**Goal of the exercise**
Take the line that contains "Photo 11 Dacia" and each one after it through the last line below, and retype them exactly. Leave out the pictures.

**Provided data**
--- START ---

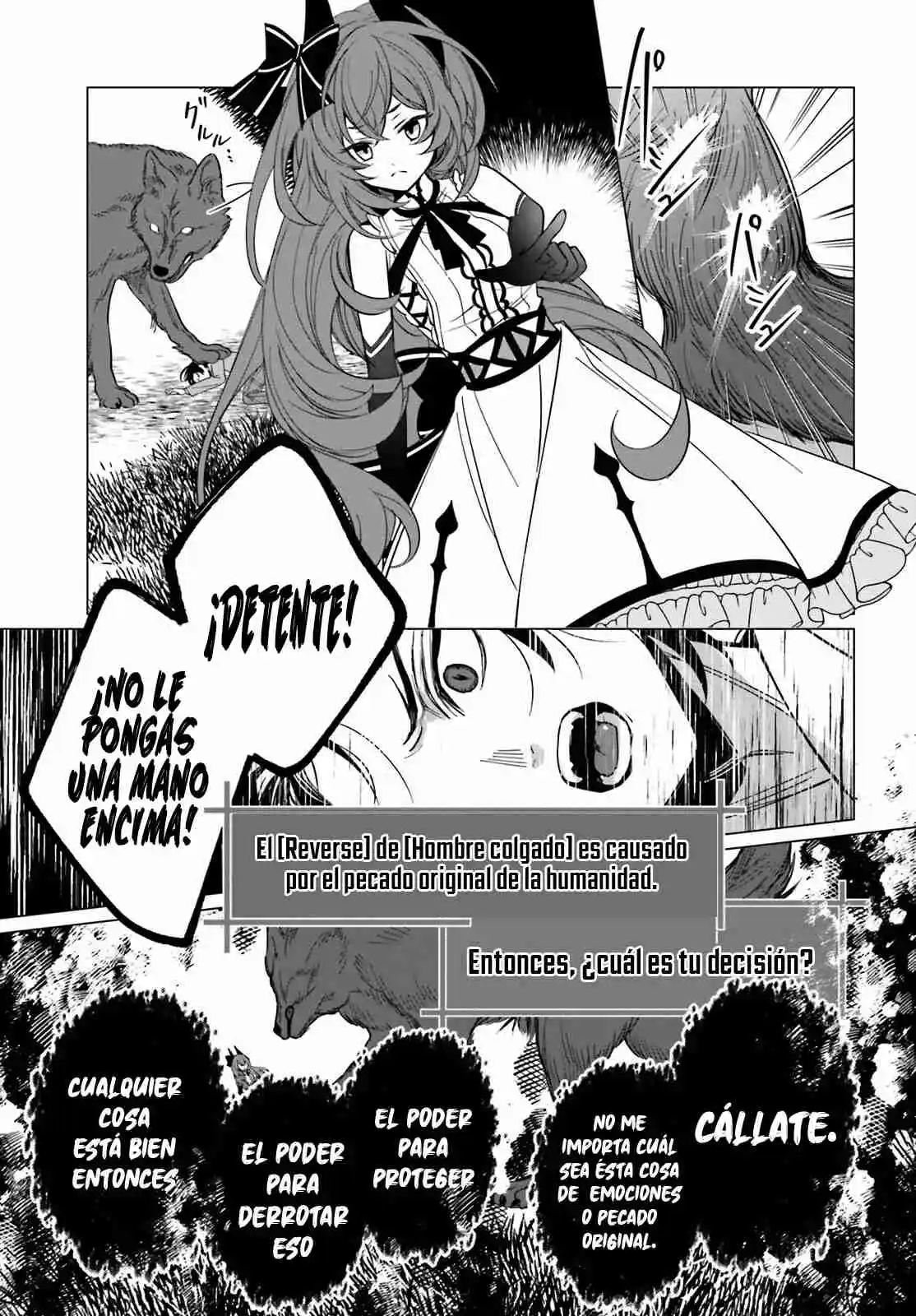 Maou Reijou No Shikousha: Isekai Shitsuji Wa Ouse No Mama Ni - Capítulo 2 - Página 15 - LectorTMOo
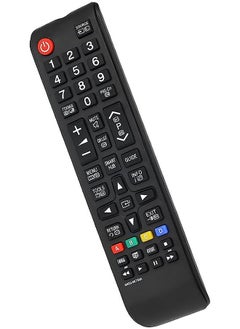 Buy Universal Wireless TV Remote Control Smart Controller Replacement for Samsung HDTV LED Smart Digital TV, Black in UAE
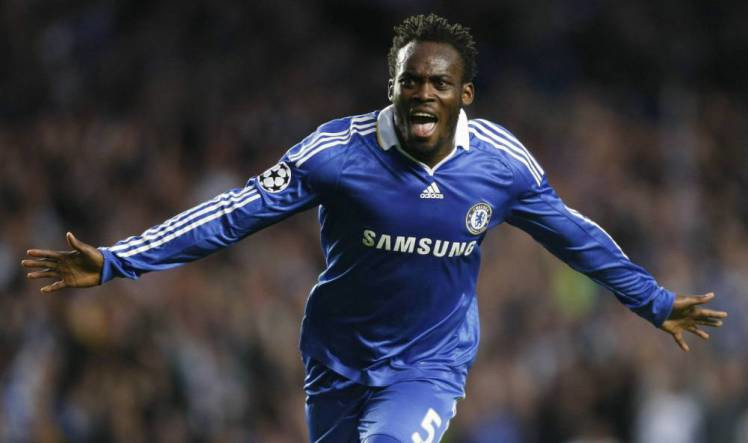 Michael Essien was a mainstay in Jose Mourinho's Chelsea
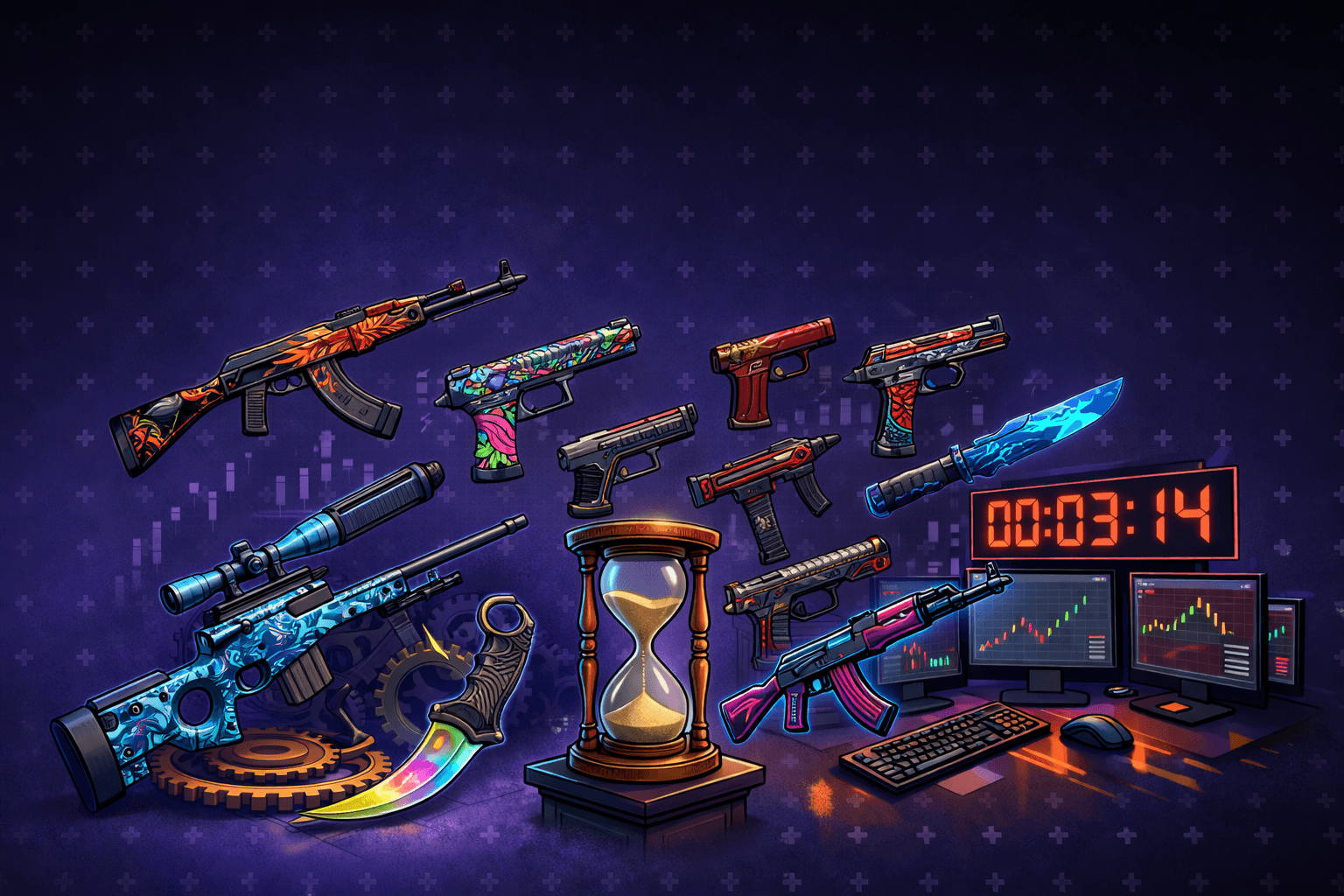 Long-Term vs Short-Term Strategies in CS2 Skin Trading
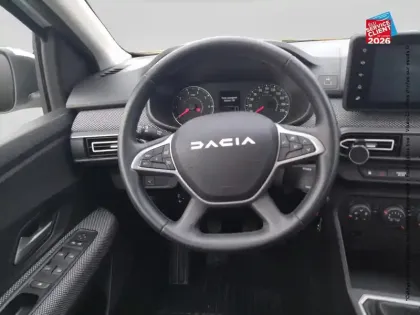 Photo 11 Dacia Sandero  1.0 SCe 65ch Expression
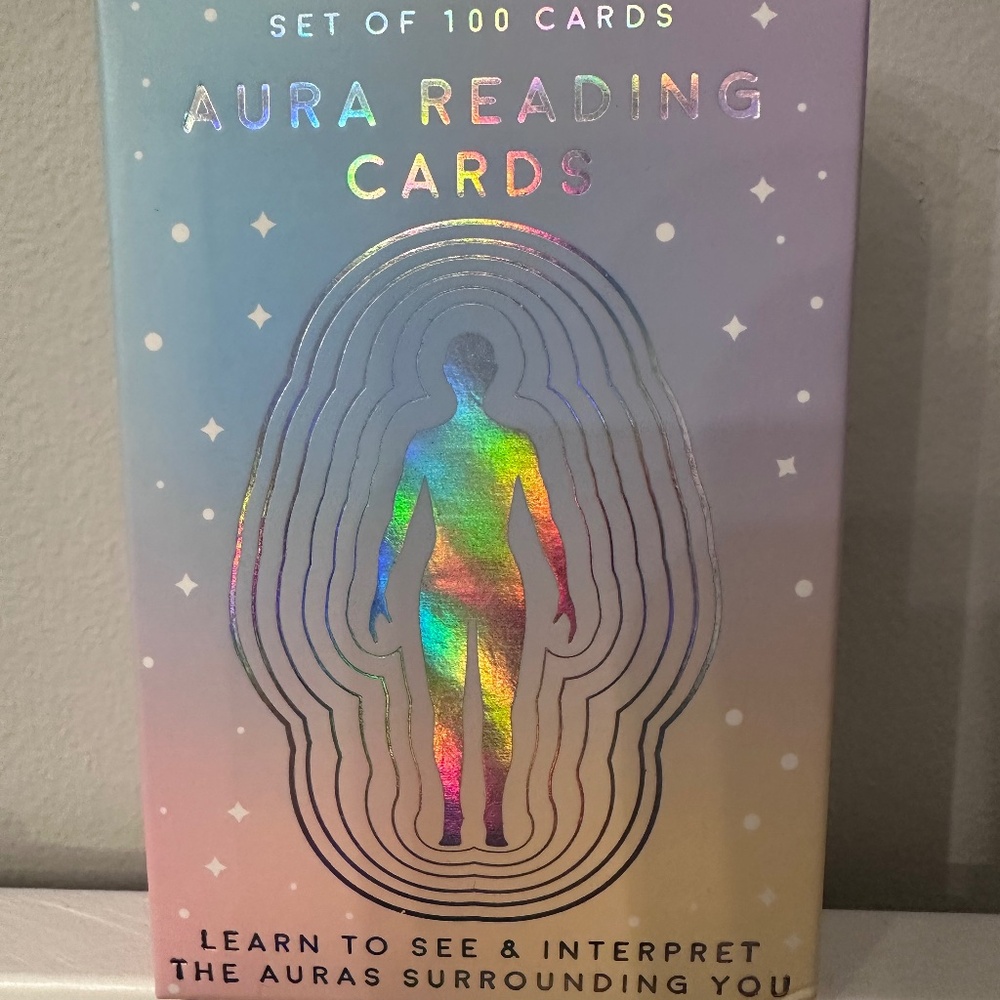 Gift Republic Aura Reading Cards | New & Unused | Paper-Sealed Deck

--- END ---

**Output for this exercise**
 Photo 11 Dacia Sandero  1.0 SCe 65ch Expression
 Gift Republic Aura Reading Cards | New & Unused | Paper-Sealed Deck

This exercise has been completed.